Using your C-compiler to minimize code size.
The Meaning of a Program
Before the compiler can apply transformations to a program, it must
analyze the code to determine which transformations are legal and
likely to result in improvements. The legality of transformations is
determined by the semantics laid down by the C language standard.
The most basic interpretation of a C program is that only statements
that have side effects or compute values used for performing side
effects are relevant to the meaning of a program.
Side effects are any statements that change the global state of the
program. Examples that are generally considered to be side effects are
writing to a screen, changing a global variable, reading a volatile
variable, and calling unknown functions.
The calculations between the side effects are carried out according
to the principle of "do what I mean, not what I say." The compiler will
try to rewrite each expression into the most efficient form possible,
but a rewrite is only possible if the result of the rewritten code is
the same as the original expression. The C standard defines what is
considered "the same," and sets the limits of allowable optimizations.
Basic Transformations. A modern compiler performs a
large number of basic transformations that act locally, like folding
constant expressions, replacing expensive operations by cheaper ones
("strength reduction"), removing redundant calculations, and moving
invariant calculations outside of loops. The compiler can do most
mechanical improvements just as well as a human programmer, but without
tiring or making mistakes.
The Table below shows (in C form for readability) some
typical basic transformations performed by a modern C compiler. Note
that an important implication of this basic cleanup is that you can
write code in a readable way and let the compiler calculate constant
expressions and worry about using the most efficient operations.
All code that is not considered useful—according to the definition
in the previous section—is removed. This removal of unreachable or
useless computations can cause some unexpected effects. An important
example is that empty loops are completely discarded, making "empty
delay loops" useless. The code shown below stopped working
properly when upgrading to a modern compiler that removed useless
computations:
Register Allocation.Processors usually give better
performance and require smaller code when calculations are performed
using registers instead of memory. Therefore, the compiler will try to
assign the variables in a function to registers.
A local variable or parameter will not need any RAM allocated at all
if the variable can be kept in registers for the duration of the
function. If there are more variables than registers available, the
compiler needs to decide which of the variables to keep in registers,
and which to put in memory.
This is the problem of register allocation, and it cannot be
solved optimally. Instead, heuristic techniques are used. The
algorithms used can be quite sensitive, and even small changes to a
function may considerably alter the register allocation.
Note that a variable only needs a register when it is being used. If
a variable is used only in a small part of a function, it will be
register allocated in that part, but it will not exist in the rest of
the function. This explains why a debugger sometimes tells you that a
variable is "optimized away at this point."

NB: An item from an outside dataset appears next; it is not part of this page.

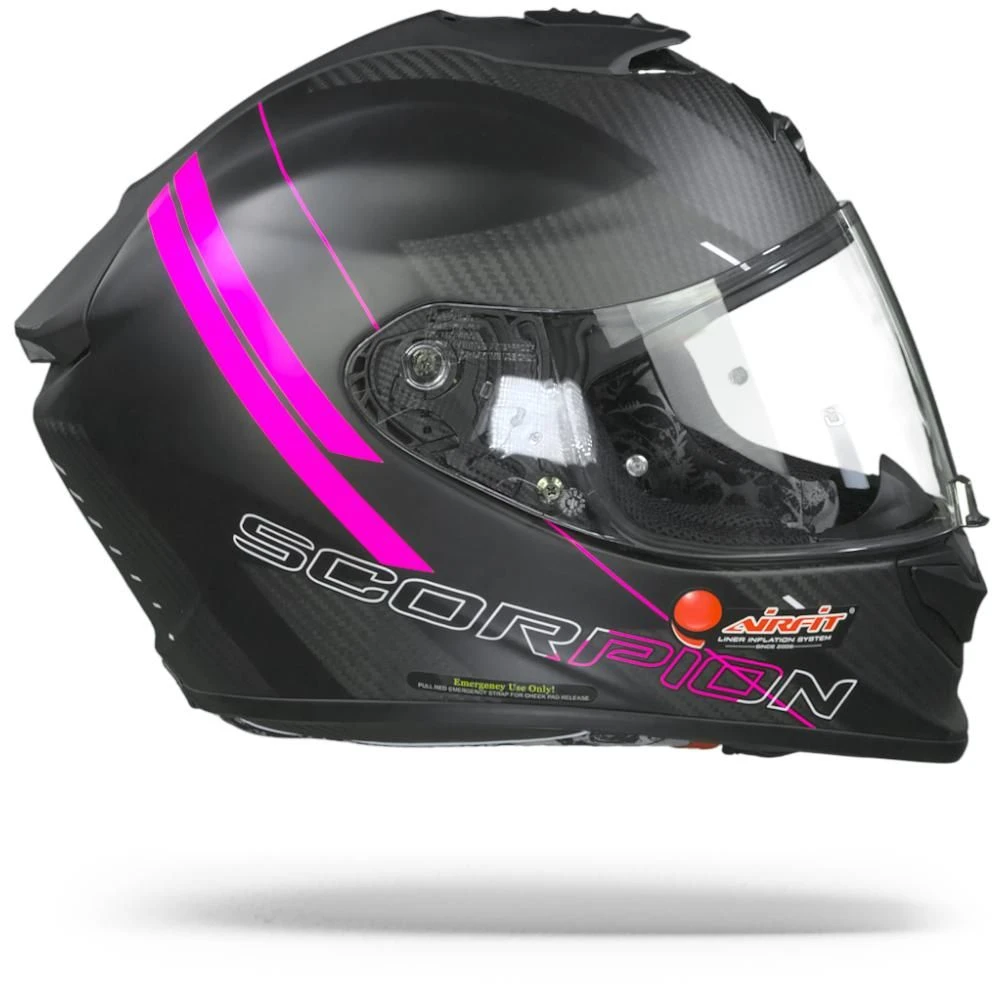Scorpion EXO-1400 Carbon Air Drik Matt Black Pink Full Face Helmet - Image 4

The register allocator is limited by the language rules of C—for
example, global variables have to be written back to memory when
calling other functions, since they can be accessed by the called
function, and all changes to global variables must be visible to all
functions. Between function calls, global variables can be kept in
registers.
Note that there are times when you do not want variables to be
register allocated. For example, reading an I/O port or spinning on a
lock, you want each read in the source code to be made from memory,
since the variable can be changed outside the control of your program.
This is where the volatile keyword is to be used. It signals to the
compiler that the variable should not ever be allocated in registers,
but read from memory (or written) each time it is accessed.
In general, only simple values like integers, floats, and pointers
are considered for register allocation. Arrays have to reside in memory
since they are designed to be accessed through pointers, and structures
are usually too large. In addition, on small processors, large values
like 32-bit integers and floats may be hard to allocate to registers,
and maybe only 16-bit and 8-bit variables will be given registers.
To help register allocation, you should strive to keep the number of
simultaneously live variables low. Also, try to use the smallest
possible data types for your variables, as this will reduce the number
of required registers on 8-bit and 16-bit processors.